Mystery Worshipper: Liturgist
Church: Cathedral of Funchal
Location: Madeira, Portugal
Date of visit: Tuesday, 26 October 2010, 11:15am
The Catedral de Nossa Senhora da Assuno, from the late 15th century, is one of the few structures that have survived virtually intact since the early period of colonisation of Madeira. The exterior is of dark stone but much of it is covered with white stucco. The overall impression is of a very plain simple structure. The interior, however, features extensive woodcarving (including the ceiling), rich color, and a baroque Blessed Sacrament chapel.
During Portugal's colonisation of the New World following Christopher Columbus' discoveries, all lands claimed by Portugal were made a part of the Diocese of Funchal. Thus, for a time, the diocese was the largest in the world, with the cathedral at its head. The cathedral seems to be well-used (see below).
Madeira, one of two autonomous regions forming part of Portugal, is a popular year-round holiday resort and is the second wealthiest region of Portugal, after Lisbon. It is perhaps best known for the wine that bears its name. Funchal, the capital of Madeira, was named for the fennel (funchal in Portuguese) that once grew wild in the area. The cathedral is in the heart of Funchal, facing the boulevard with its park like wide center area. The sidewalks, and many of the smaller streets, are paved with miniature black and white cobblestones forming mosaic patterns (see illustration below).
These were not announced, and I don't know enough Portuguese to ask.
What was the name of the service?Weekday Low Mass.
How full was the building?
Too many to count I estimated that the cathedral could squeeze in 300 and that there were at least 200 there. I consider this exceptional for the third mass on a Tuesday morning.
Did anyone welcome you personally?
We arrived about half an hour early, just to look at the cathedral, but decided to stay when we saw the schedule. There was no formal greeting, but there were some friendly nods.
Was your pew comfortable?
It was a plain wooden pew, and not at all remarkable.
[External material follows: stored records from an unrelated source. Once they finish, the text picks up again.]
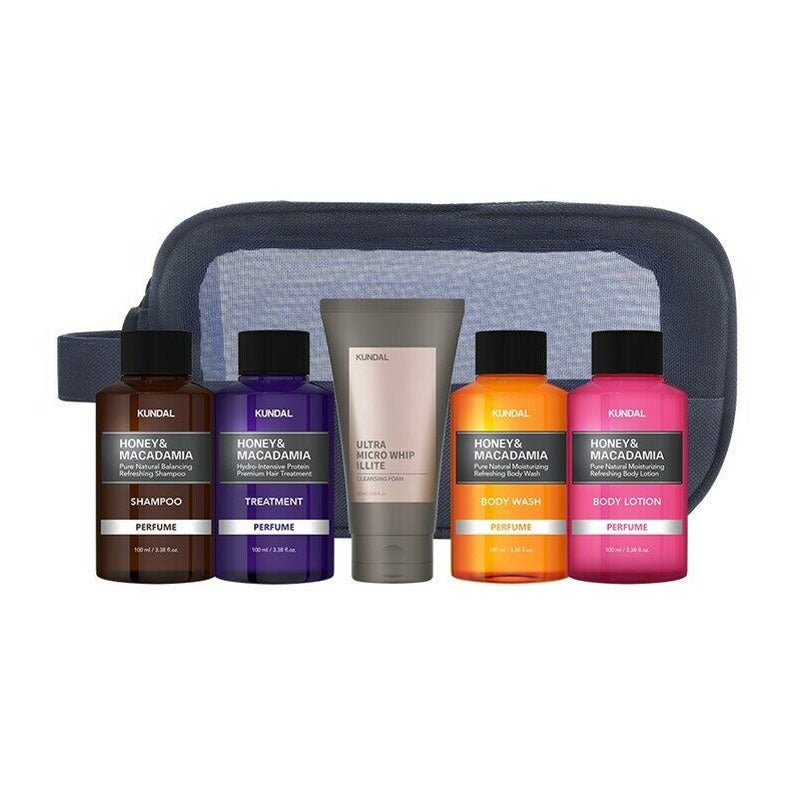 Kundal Travel 5-Piece Kit Type B (White Musk Scent, Includes Cleansing Foam) - 1 Set 225ml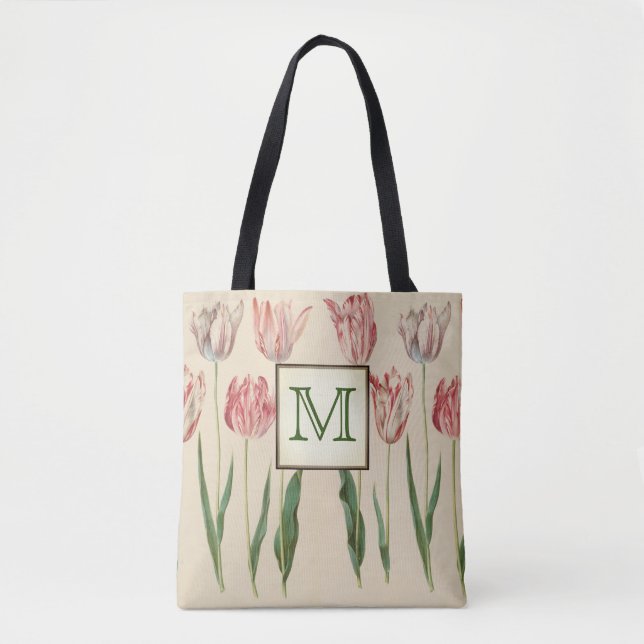 Vintage Botanical Monogram Tote Bag (Front)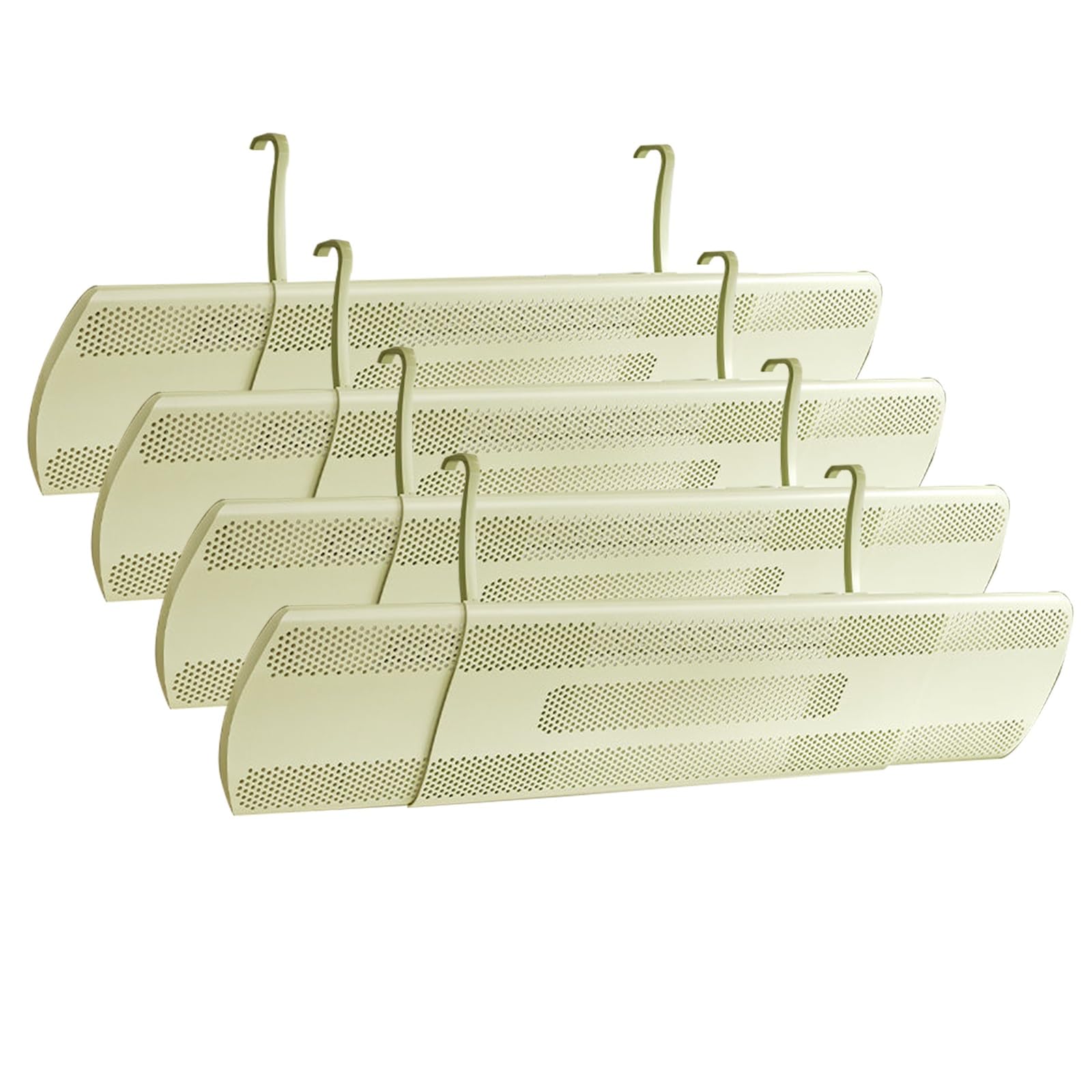YGER JZGB 4 Air Conditioner Deflector, Air Vent Deflector, Retractable, Freely Adjustable, Honeycomb Panel, PVC Material, for Wall Mounted AC(Green)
How would you describe the pre-service atmosphere?
When we arrived there were a few people around (mostly not looking like tourists), some waiting in line at the confessionals. We spent some time in the Sacrament chapel, as did others, all quiet and reverent. When we went back into the main area, it was still quiet but well filled. We found a place in the transept, facing the altar from the side.
What were the exact opening words of the service?
They were in Portuguese, of course, but I recognized them as the equivalent of "In the name of the Father, and of the Son, and of the Holy Spirit."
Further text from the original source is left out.